Download or read book Play of a Fiddle written by Gerald Milnes and published by University Press of Kentucky. This book was released on 2021-10-21 with total page 322 pages. Available in PDF, EPUB and Kindle. Book excerpt: Play of a Fiddle gives voice to people who steadfastly hold to and build on the folk traditions of their ancestors. While encountering the influences of an increasingly overwhelming popular culture, the men and women in this book follow age-old patterns of folklife and custom, making their own music and dance in celebration of them. Shedding new light on a region that maintains ties to the cultural identities of its earliest European and African inhabitants, Gerald Milnes shows how folk music in West Virginia borrowed rhythmic, melodic, and vocal forms from the Celtic, Anglo, Germanic, and African traditions. These elements have come together to create a body of music tied more to place and circumstance than to ethnicity. Milnes explores the legacies of the state's best-known performers and musical families. He discusses religious music, balladeering, the influence of black musicians and styles, dancing, banjo and dulcimer traditions, and the importance of old-time music as a cultural pillar of West Virginia life. A musician himself, Milnes has been collecting songs and stories in West Virginia for more than twenty-five years. The result is an enjoyable book filled with anecdotes, local history, and keen observations about musical lives.

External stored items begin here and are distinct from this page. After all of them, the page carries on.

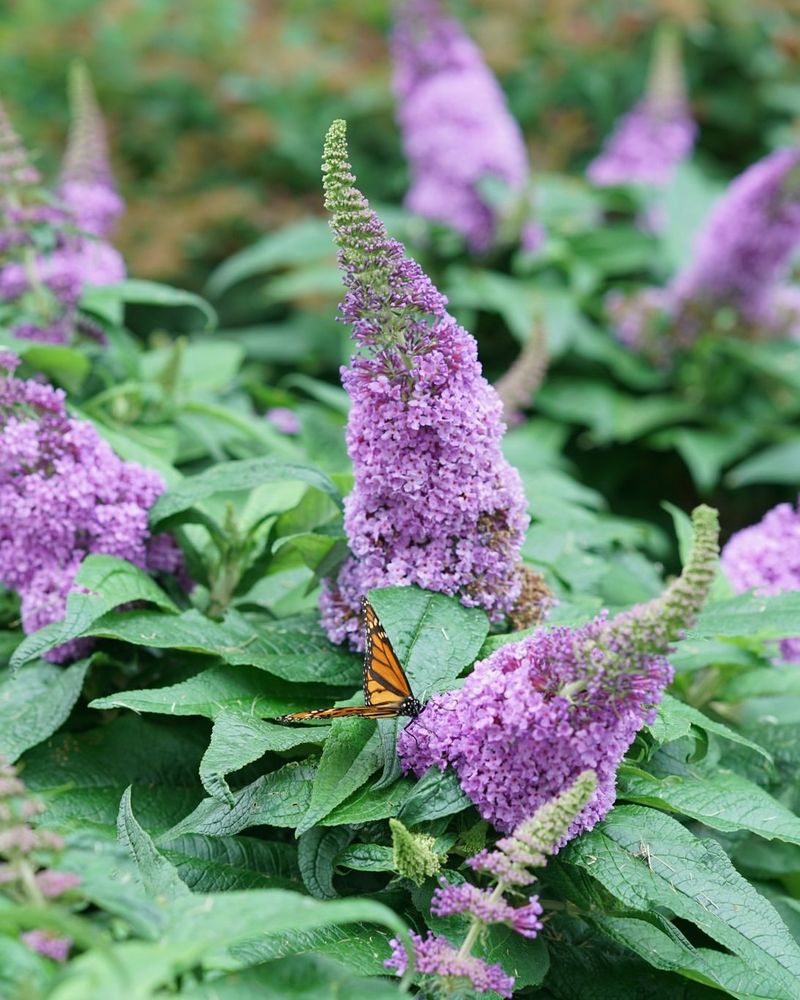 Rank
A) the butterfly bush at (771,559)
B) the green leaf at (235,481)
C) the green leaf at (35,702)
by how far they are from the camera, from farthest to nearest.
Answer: the butterfly bush at (771,559)
the green leaf at (235,481)
the green leaf at (35,702)

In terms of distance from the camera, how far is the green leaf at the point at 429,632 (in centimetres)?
204

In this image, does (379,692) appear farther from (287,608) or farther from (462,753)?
(287,608)

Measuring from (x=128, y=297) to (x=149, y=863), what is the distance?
70.3 inches

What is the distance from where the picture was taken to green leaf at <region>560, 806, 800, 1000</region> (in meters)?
1.86

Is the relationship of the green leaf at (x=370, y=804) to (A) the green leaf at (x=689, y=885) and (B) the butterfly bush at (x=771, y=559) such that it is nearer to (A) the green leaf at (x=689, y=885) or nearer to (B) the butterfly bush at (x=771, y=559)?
(A) the green leaf at (x=689, y=885)

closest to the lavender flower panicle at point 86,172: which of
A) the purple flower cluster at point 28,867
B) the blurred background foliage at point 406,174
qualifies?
the blurred background foliage at point 406,174

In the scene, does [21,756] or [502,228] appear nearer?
[21,756]

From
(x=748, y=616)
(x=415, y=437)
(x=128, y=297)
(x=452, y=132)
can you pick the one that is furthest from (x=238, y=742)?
(x=452, y=132)

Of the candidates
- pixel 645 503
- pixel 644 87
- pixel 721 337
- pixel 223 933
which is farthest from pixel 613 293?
pixel 223 933

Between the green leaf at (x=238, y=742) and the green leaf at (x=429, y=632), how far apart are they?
0.68 ft

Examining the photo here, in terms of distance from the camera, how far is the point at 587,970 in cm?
214

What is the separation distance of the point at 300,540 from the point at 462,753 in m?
0.66

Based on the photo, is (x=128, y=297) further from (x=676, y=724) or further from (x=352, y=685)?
(x=676, y=724)

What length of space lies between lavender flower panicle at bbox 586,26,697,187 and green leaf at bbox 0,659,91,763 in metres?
4.40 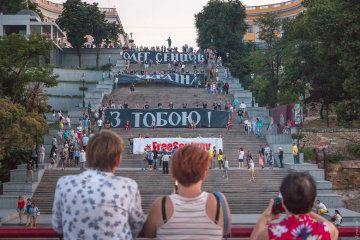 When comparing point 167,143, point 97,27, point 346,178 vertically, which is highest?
point 97,27

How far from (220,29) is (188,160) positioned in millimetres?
72011

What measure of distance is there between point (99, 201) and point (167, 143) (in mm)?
31688

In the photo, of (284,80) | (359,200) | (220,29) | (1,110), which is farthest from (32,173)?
(220,29)

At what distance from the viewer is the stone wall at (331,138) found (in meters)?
36.5

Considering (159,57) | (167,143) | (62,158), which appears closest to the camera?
(62,158)

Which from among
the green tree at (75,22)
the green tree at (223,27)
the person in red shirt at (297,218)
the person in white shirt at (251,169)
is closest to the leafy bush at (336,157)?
the person in white shirt at (251,169)

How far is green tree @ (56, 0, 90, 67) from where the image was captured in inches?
2685

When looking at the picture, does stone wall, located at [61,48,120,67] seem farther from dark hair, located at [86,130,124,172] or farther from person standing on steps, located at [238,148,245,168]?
dark hair, located at [86,130,124,172]

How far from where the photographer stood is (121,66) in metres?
61.6

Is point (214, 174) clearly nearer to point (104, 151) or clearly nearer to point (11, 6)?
point (104, 151)

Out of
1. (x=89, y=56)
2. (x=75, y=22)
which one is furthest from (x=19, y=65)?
(x=89, y=56)

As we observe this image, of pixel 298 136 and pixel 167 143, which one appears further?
pixel 298 136

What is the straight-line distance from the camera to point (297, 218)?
12.3ft

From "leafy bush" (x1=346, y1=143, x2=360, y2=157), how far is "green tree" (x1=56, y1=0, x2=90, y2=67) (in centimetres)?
4366
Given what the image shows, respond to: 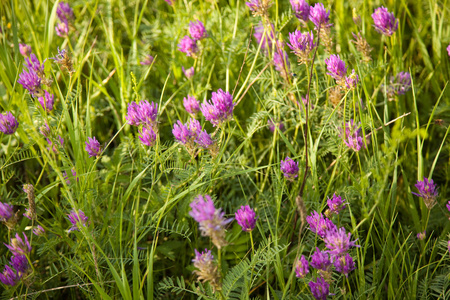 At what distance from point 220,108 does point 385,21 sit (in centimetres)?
92

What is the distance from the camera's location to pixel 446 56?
2.38 meters

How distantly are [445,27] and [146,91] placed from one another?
1844mm

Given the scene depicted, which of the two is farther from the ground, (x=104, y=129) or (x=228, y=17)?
(x=228, y=17)

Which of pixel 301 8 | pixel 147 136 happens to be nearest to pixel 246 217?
pixel 147 136

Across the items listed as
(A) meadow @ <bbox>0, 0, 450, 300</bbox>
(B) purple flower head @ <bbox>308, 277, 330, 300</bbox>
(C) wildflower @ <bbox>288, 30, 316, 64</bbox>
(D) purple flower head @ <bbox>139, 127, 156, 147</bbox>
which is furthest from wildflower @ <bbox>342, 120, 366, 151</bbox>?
(D) purple flower head @ <bbox>139, 127, 156, 147</bbox>

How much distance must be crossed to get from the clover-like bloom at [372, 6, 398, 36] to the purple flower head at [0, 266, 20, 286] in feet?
5.71

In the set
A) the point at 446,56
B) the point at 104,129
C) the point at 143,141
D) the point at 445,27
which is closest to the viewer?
the point at 143,141

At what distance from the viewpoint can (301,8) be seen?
6.13 ft

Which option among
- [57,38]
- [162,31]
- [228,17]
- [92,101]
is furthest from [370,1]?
[57,38]

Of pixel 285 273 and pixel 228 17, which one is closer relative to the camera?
pixel 285 273

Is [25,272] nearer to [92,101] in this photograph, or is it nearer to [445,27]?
[92,101]

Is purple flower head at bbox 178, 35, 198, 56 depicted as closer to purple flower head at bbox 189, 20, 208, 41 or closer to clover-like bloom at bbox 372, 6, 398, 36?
purple flower head at bbox 189, 20, 208, 41

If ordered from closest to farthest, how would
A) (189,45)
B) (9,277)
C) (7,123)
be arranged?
(9,277), (7,123), (189,45)

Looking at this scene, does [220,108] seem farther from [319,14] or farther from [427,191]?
[427,191] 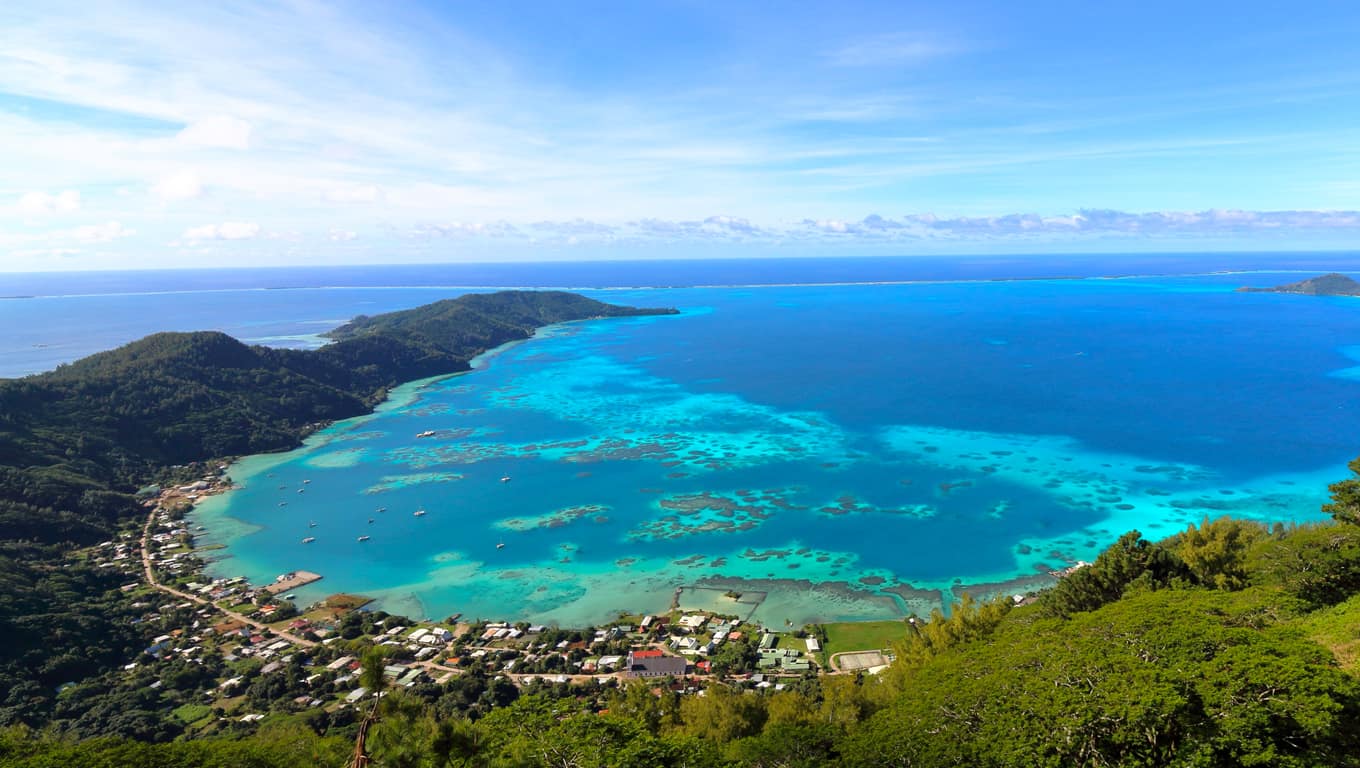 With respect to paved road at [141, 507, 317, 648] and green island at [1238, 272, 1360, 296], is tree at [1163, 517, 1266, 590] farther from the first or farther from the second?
green island at [1238, 272, 1360, 296]

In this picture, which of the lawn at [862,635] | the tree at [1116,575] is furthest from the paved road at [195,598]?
the tree at [1116,575]

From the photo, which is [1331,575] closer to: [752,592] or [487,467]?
[752,592]

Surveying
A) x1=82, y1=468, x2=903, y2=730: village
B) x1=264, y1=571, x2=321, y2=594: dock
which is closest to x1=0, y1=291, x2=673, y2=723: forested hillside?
x1=82, y1=468, x2=903, y2=730: village

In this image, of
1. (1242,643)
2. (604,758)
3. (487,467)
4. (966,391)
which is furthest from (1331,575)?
(966,391)

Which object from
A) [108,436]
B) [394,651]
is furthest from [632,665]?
[108,436]

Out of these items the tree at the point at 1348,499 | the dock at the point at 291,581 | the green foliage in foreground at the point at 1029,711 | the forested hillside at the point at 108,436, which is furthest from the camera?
the dock at the point at 291,581

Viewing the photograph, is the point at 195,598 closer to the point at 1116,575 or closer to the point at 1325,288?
the point at 1116,575

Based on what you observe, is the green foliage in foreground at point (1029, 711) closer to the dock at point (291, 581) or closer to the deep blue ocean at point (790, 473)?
the deep blue ocean at point (790, 473) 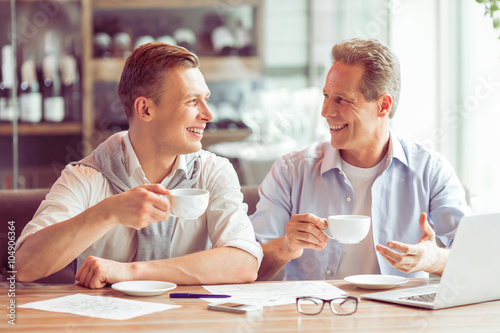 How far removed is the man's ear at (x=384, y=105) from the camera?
2.26 meters

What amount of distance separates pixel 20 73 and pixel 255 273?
2792mm

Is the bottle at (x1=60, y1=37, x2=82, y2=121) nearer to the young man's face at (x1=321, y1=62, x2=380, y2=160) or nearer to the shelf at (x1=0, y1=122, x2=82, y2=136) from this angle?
the shelf at (x1=0, y1=122, x2=82, y2=136)

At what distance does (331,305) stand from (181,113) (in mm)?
851

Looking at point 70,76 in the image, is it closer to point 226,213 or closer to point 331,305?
point 226,213

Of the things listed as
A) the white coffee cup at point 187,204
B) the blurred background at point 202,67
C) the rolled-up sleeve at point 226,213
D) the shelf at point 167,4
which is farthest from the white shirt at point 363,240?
the shelf at point 167,4

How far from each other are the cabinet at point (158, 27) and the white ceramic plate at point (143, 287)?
2.56 meters

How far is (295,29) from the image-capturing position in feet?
13.4

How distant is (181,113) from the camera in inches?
79.2

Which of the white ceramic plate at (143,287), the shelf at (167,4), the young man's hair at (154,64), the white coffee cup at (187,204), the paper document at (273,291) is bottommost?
the paper document at (273,291)

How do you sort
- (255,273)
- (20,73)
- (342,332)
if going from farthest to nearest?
(20,73) → (255,273) → (342,332)

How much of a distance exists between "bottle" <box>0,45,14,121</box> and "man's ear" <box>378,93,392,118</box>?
2609 millimetres

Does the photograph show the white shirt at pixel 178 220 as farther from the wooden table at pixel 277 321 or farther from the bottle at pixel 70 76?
the bottle at pixel 70 76

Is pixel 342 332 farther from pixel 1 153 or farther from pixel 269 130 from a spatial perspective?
pixel 1 153

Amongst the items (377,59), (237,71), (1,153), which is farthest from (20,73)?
(377,59) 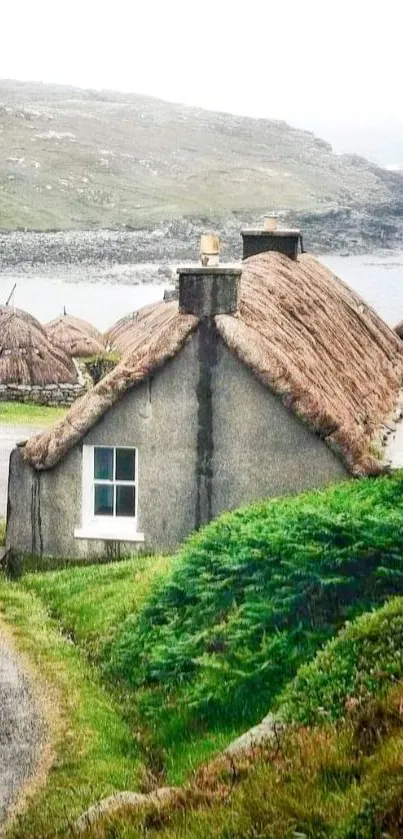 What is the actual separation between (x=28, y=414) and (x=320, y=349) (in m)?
18.1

Book Folks  This Ain t Normal

Download or read book Folks This Ain t Normal written by Joel Salatin and published by Hachette UK. This book was released on 2011-10-10 with total page 283 pages. Available in PDF, EPUB and Kindle. Book excerpt: From farmer Joel Salatin's point of view, life in the 21st century just ain't normal. In FOLKS, THIS AIN'T NORMAL, he discusses how far removed we are from the simple, sustainable joy that comes from living close to the land and the people we love. Salatin has many thoughts on what normal is and shares practical and philosophical ideas for changing our lives in small ways that have big impact. Salatin, hailed by the New York Times as "Virginia's most multifaceted agrarian since Thomas Jefferson [and] the high priest of the pasture" and profiled in the Academy Award nominated documentary Food, Inc. and the bestselling book The Omnivore's Dilemma, understands what food should be: Wholesome, seasonal, raised naturally, procured locally, prepared lovingly, and eaten with a profound reverence for the circle of life. And his message doesn't stop there. From child-rearing, to creating quality family time, to respecting the environment, Salatin writes with a wicked sense of humor and true storyteller's knack for the revealing anecdote. Salatin's crucial message and distinctive voice--practical, provocative, scientific, and down-home philosophical in equal measure--make FOLKS, THIS AIN'T NORMAL a must-read book.